On 19 October 1812, Napoleon had retreated from Moscow and marched south-west to Kaluga, Eugene de Beauharnais leading the advance
The French army leaving Moscow was estimated by Wilson: 90,000 effective infantry, 14,000 feeble cavalry, 12,000 armed men employed in the various services of artillery, engineers, gendarmerie, head-quarter staff, equipages, and commissariat, and more than 20,000 non-combatants, sick, and wounded.

Alexis Joseph Delzons commanded the lead units going to the village of Maloyaroslavets. The bridges across Luzha River were destroyed by order of local authorities. Delzons' soldiers entered the city over a dam and built a pontoon bridge next to the destroyed one. Then Delzons attacked the heights on which the village rested. On the evening of October 23 Delzons placed two of his battalions in the village.

Battle
On the 24 October 1812 General Dokhturov entered the town from the south and found the French spearhead had seized a bridgehead. Fierce fighting began. General Raevski arrived with 10,000 more Russians; once more they took the town, though not the bridgehead.
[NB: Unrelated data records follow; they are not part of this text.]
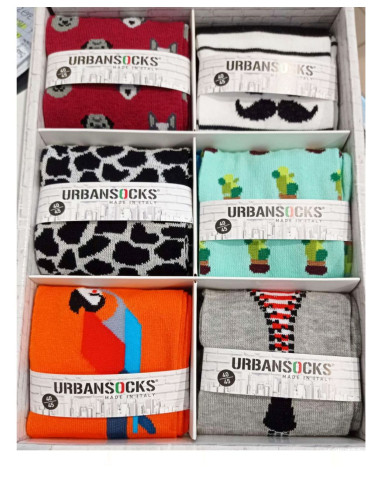Group of 6 pairs of patterned men's socks in stretch cotton Urban Socks 901-5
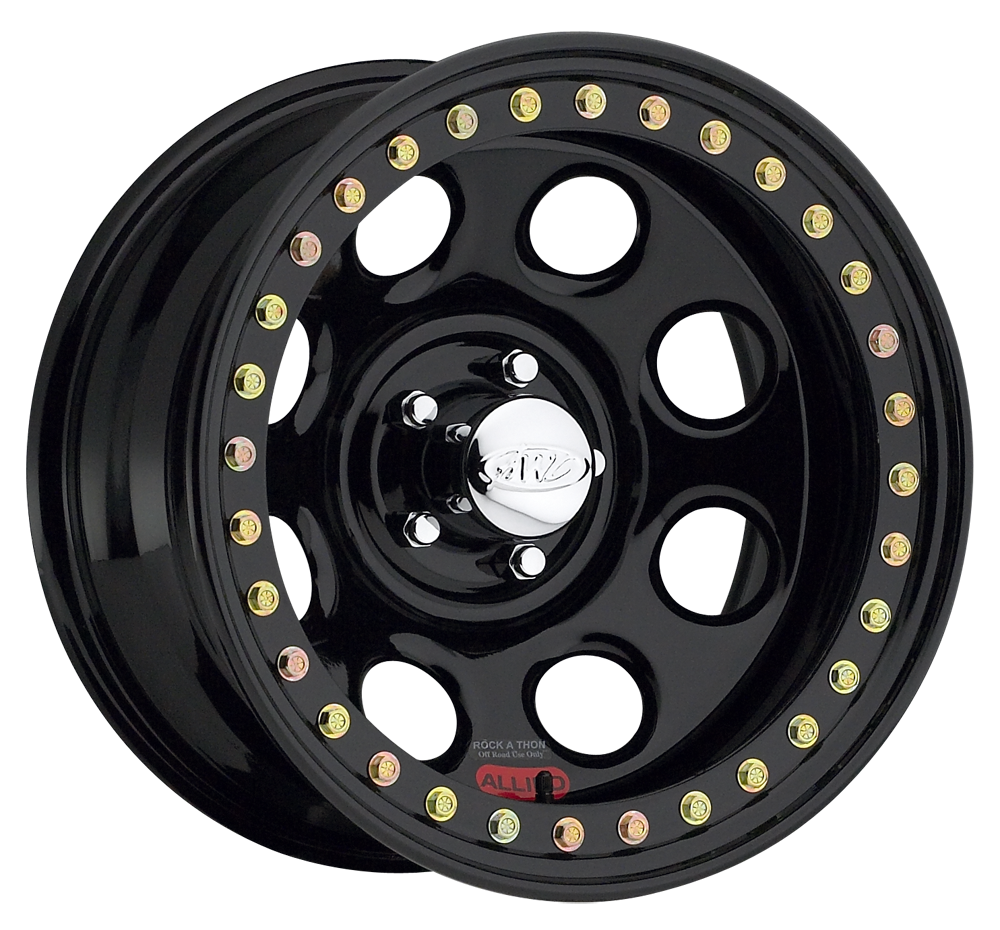 Raceline RT8150012 - RT81 Rock 8 15x10in / 5x114.3 BP / -44mm Offset / 83.82mm Bore - Gloss Black Beadlock Wheel
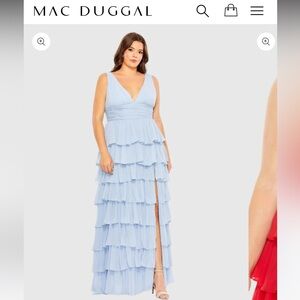 Mac Duggal Ruffle Tiered Sleeveless V Neck Gown Size 18W/XL
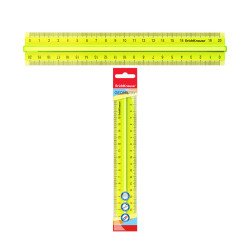 Righello di plastica con supporto ErichKrause Neon, 20 cm, giallo, in sacchetto di plastica Righello di plastica con supporto ErichKrause Neon, 20 cm, giallo, in sacchetto di plastica
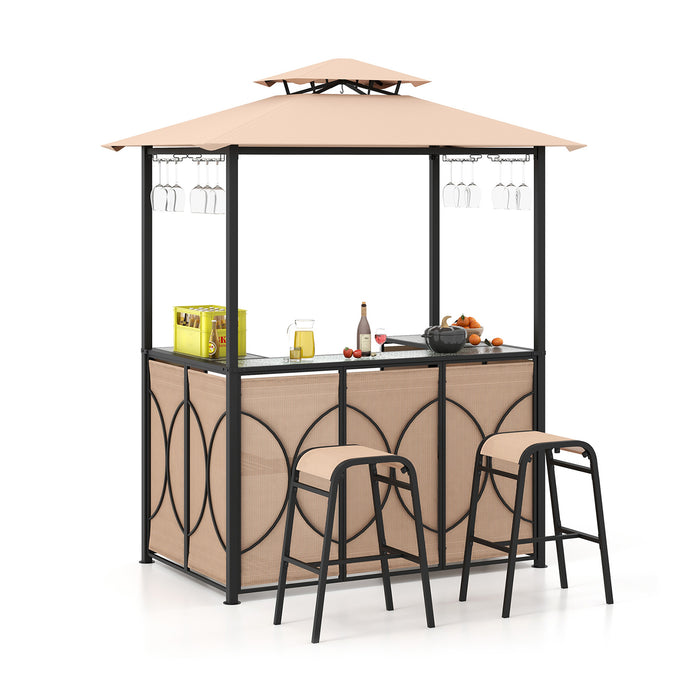 3-Piece Patio Bar Set Grill Gazebo & 2 Bar Stools with Tempered Glass Bar Table-Brown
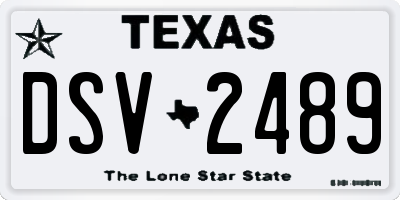 TX license plate DSV2489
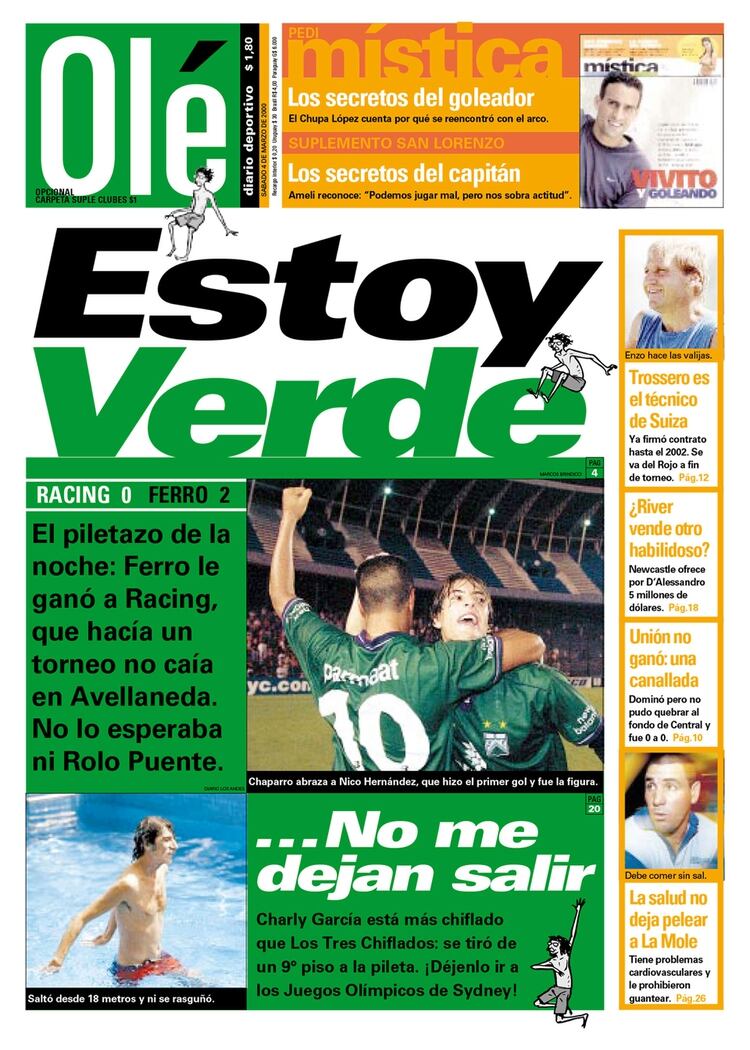 La portada del diario deportivo Olé y su referencia al salto de Charly García
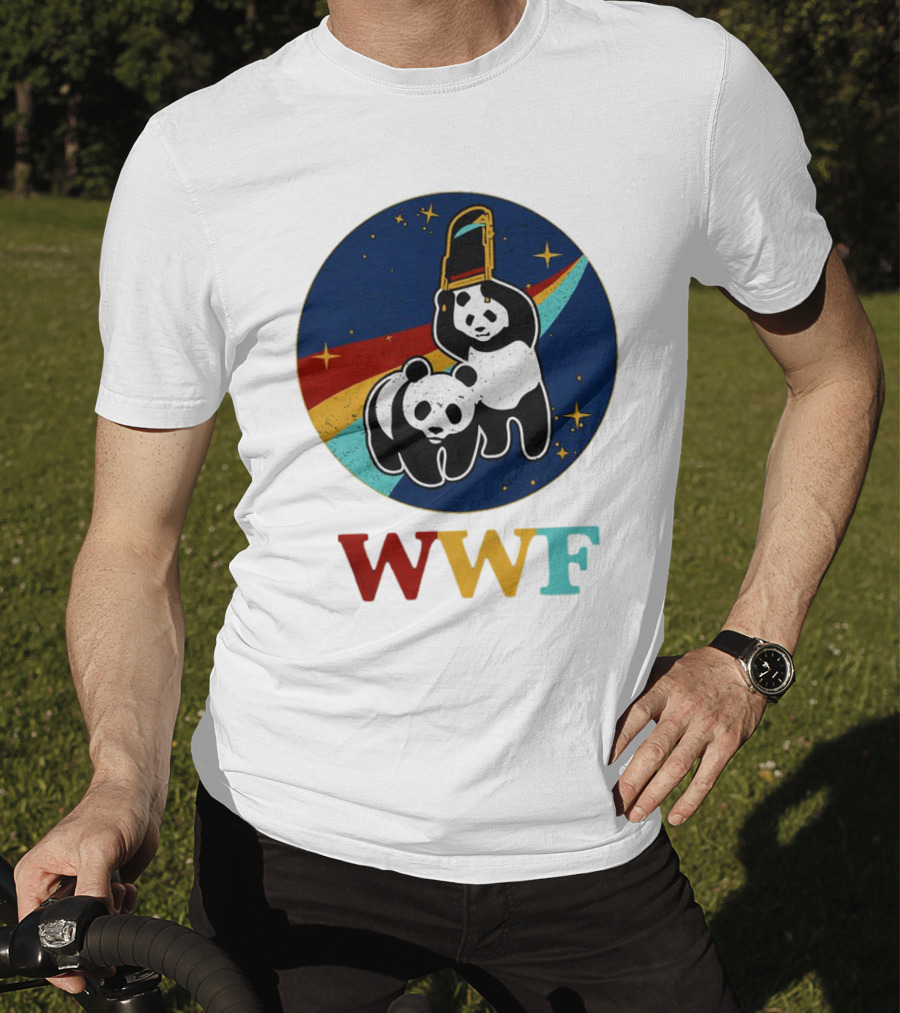 WWF Panda Bear Wrestling NASA Astronauts Space T-Shirt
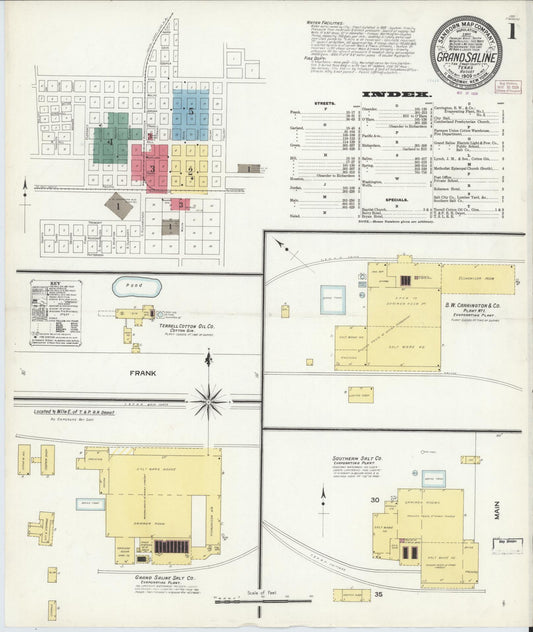 Sanborn Fire Insurance Map from Grand Saline, Van Zandt County, Texas (1909), Sheet #0001 - Complete Map Set gallery image, historic Sanborn map, vintage wall art, Texas Texas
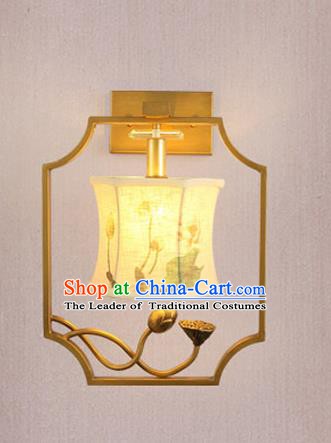 Traditional Asian Chinese Lantern China Ancient Printing Lotus Wall Lamp Palace Lantern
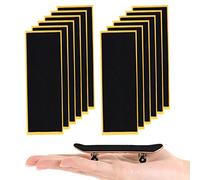 Aphrordity 12 nastri antiscivolo in gommapiuma, 11 x 4 cm, per dita e skateboard da un lato appiccicoso per fingerboard o pattinaggio con dita, migliore nastro antiscivolo in gommapiuma. Nero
De Beauharnais threw in his 15th (Italian) division, under Domenico Pino (Minister of War of the Kingdom of Italy), and by evening they had again expelled the Russians. Armand Charles Guilleminot was the first who entered the city. During the course of the engagement the town changed hands no fewer than eight times and it was quoted that in particular the Italian Royal Guard under Eugène de Beauharnais 'had displayed qualities which entitled it evermore to take rank amongst the bravest troops of Europe'. Marshal Kutuzov arrived and decided against a pitched battle with the Grand Army the next day, and to retire instead to the prepared line of defense at Kaluga. The mainly French and Italian forces won a victory on the day, but Napoleon might have realized that "unless with a new Borodino" the way through Kaluga and Medyn was closed. This allowed Kutuzov to fulfill his strategic plans to force Napoleon on the way of retreat in the north, through Mozhaisk and Smolensk, the route of his advance that he had wished to avoid. French casualties were about 6,000–8,000, while the Russians lost about 8,000 men killed and wounded.

Kutuzov's strategy
On the 25 October 1812 at about two in the morning after the battle Kutuzov retired his army in perfect order southwards away from the French army behind the rivulet of Koricza to secure the road to Kaluga. The British general Wilson who wanted Napoleon to be attacked protested against this strategy. Kutuzov replied to him, here simplified for a better understanding: "I am by no means sure that the total destruction of the Emperor Napoleon and his army would be such a benefit to Russia; his succession would fall to the United Kingdom whose domination would then be intolerable."

Aftermath

The immediate result of the battle of Maloyaroslavets on the 24th had been a strange French tactical victory: the French army had secured a bridgehead, the Russian army had retreated but Napoleon did not follow them. The long-term result of the battle became a Russian strategic victory  as they had disturbed Napoleon's ability to wage a war.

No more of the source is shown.